EPSRC Twenty20Insight. Funded under the EPSRC’s ‘People at the Heart of Software Engineering’ programme to work on Software Engineering, RE and AI (2020-23)



As digital technology permeates every area of modern life, we risk becoming over-dependent on complex systems that operate in an opaque way, creating a risk that they exhibit emergent properties that adversely affect their users or their wider environment. This is particularly true as developers increasingly rely on AI or ML techniques as a means to define system behaviour when the problem space is too complex or poorly understood for human developers to explicitly specify that behaviour. We are tackling incompletely understood problems by developing systems whose behaviour and wider impact are by necessity also incompletely understood. This trend, which is largely enabled by an abundance of data harvested from (e.g.) mobile devices, sensors and social media, is radically changing how systems are developed and how they are used. We need a new approach to software engineering that: (i) places greater emphasis on making explicit the risks of unintended behaviour for innovative new software products either through limitations on our understanding of the envisioned product's behaviour or through misuse, and (ii) actively supports explainability of the exposed behaviour by the running system. Twenty20Insight is an interdisciplinary project bringing together academic experts in Software Engineering (SE), RE, Design Thinking and ML to help system stakeholders and developers understand and reason about the impact of intelligent systems on the world in which they operate.

Leverhulme Trust Research Fellowship QuantUn: quantification of uncertainty using Bayesian surprises (2019-20)

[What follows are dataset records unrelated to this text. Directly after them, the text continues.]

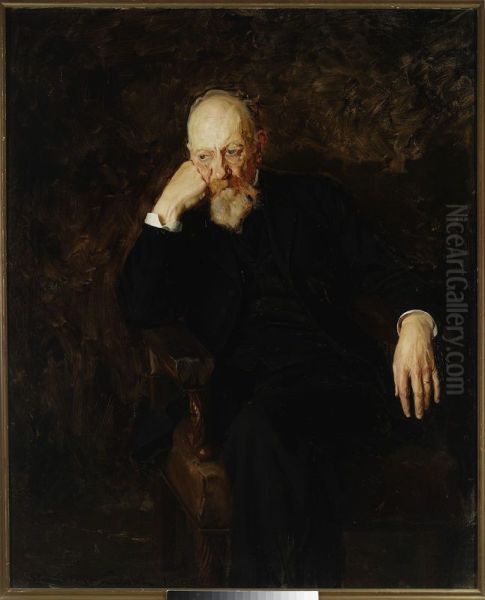 Portrait of professor Aleksander Jablonowski Oil Painting by Stanislaw Lentz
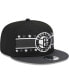 ფოტო #4 პროდუქტის Men's Black Brooklyn Nets Banded Stars 9FIFTY Snapback Hat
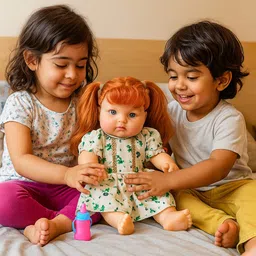 ladli Girl playing with doll Feeding doll Bottle feeding doll Caring for doll Little image 3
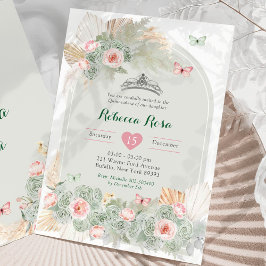 Boho Rosa Sage Grönt Royal Krona Quinceañera Inbjudningar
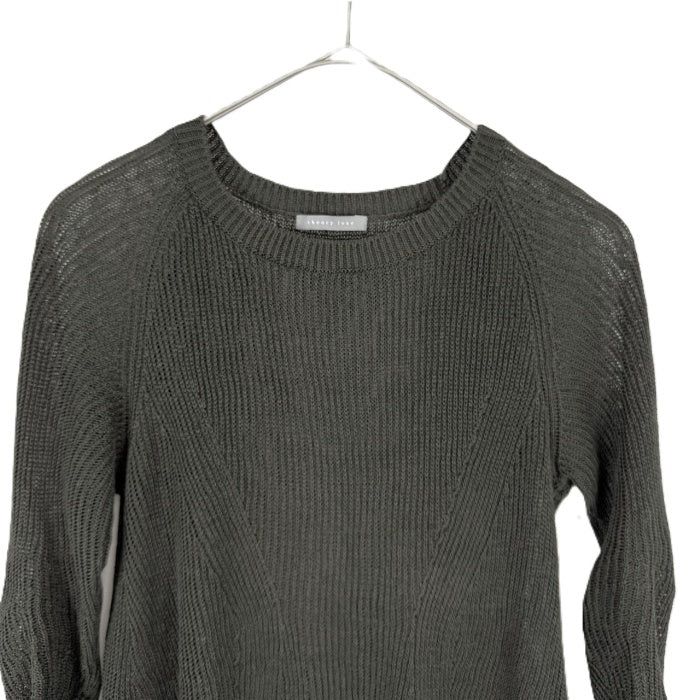 【中古】セオリーリュクス Theory luxe 七分袖ニット リネン ざっくり編み 透け感 丈長め カーキ i0818n0154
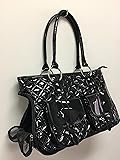 mpetDog Cat Faux-Leather Handbag Pet Carrier Tote 16" L x 10.5" H x 7" W Black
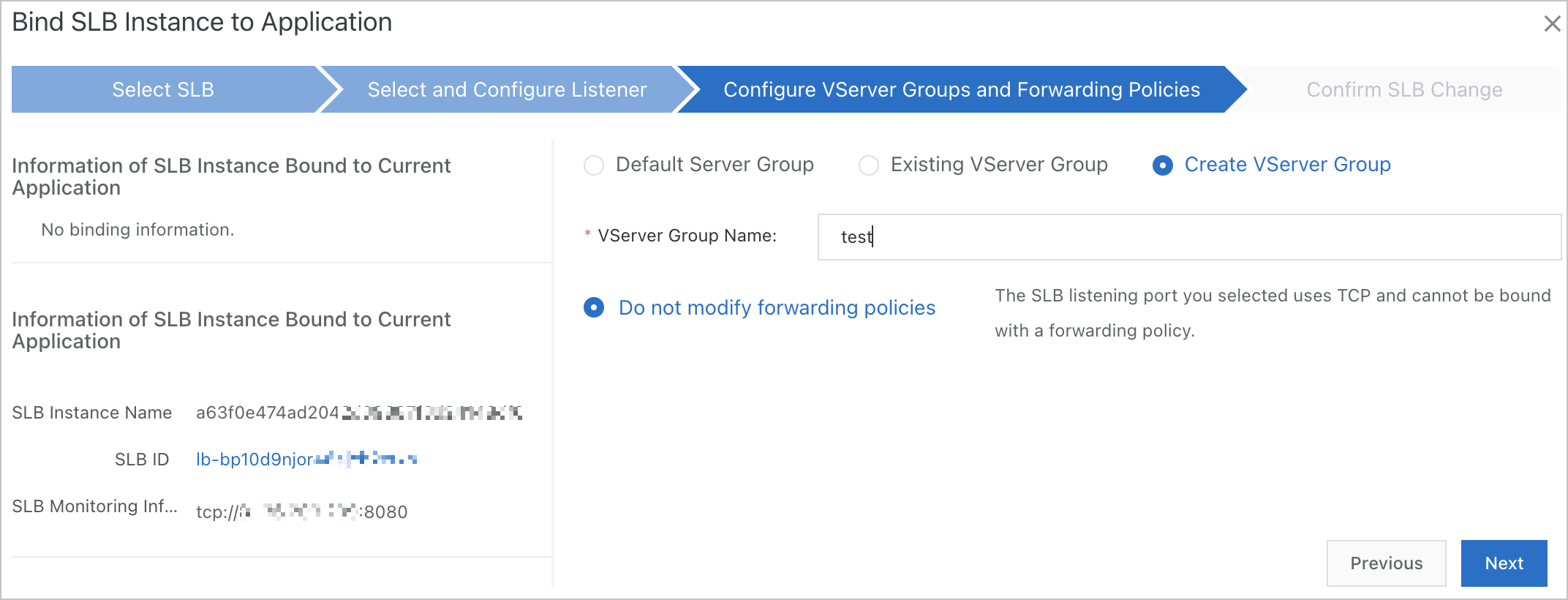 Add a vServer group and forwarding policy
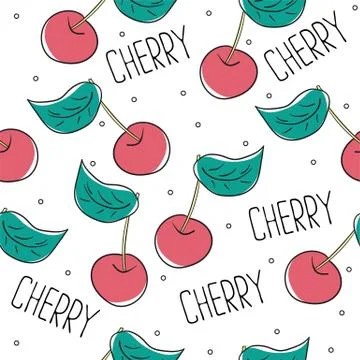 Cute cherry seamless pattern. Good for textile, wrapping, wallpapers Stock Illustration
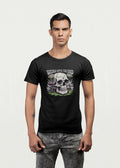 Black shirt with “Weird Until The End” text, featuring trippy mushroom and floral graphic design – unisex gothic streetwear for men and women from Opium Valley.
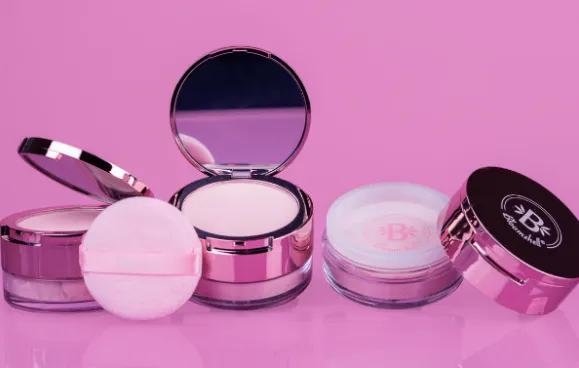 Polvo suelto translucent 2 en 1 grande(pink) BLOOMSHELL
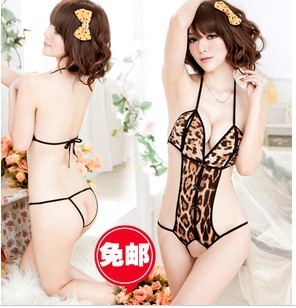 free shipping Classic leopard print one piece internality sleepwear fashion sexy temptation underwear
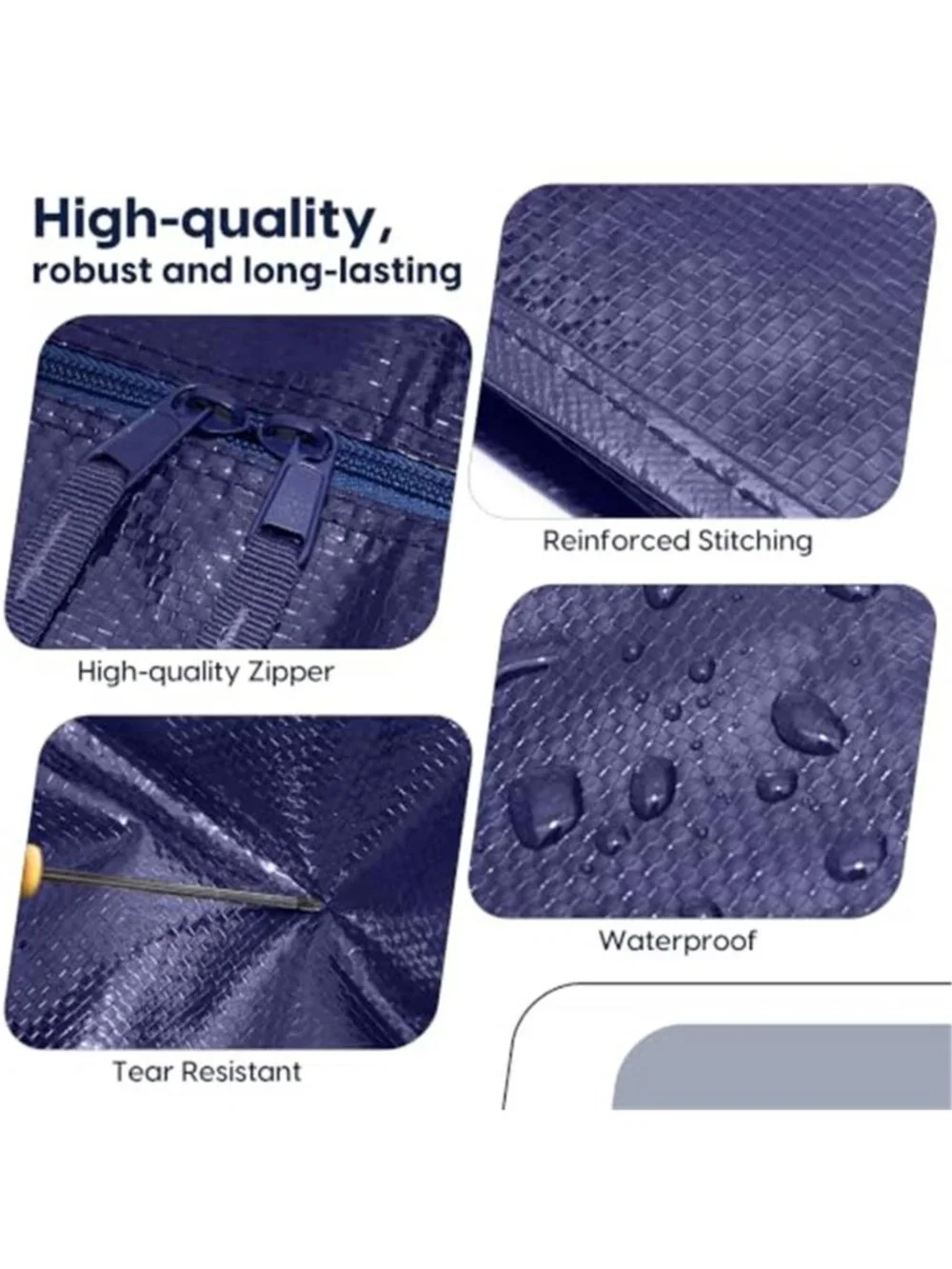 6 Pack Moving Bags Heavy Duty 210GSM with Full-Open Side Zipper, 93L 220lbs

QuantUn’s contribution is to develop a novel technique to explicitly quantify uncertainty to support decision-making by self-adaptive systems (SAS). The project is based on the idea of Bayesian surprises as the basis for quantitative analysis to measure degrees of uncertainty and deviations of SAS from the expected behaviour. A surprise implies that the system may decide either to adapt accordingly or to flag that an abnormal situation is happening.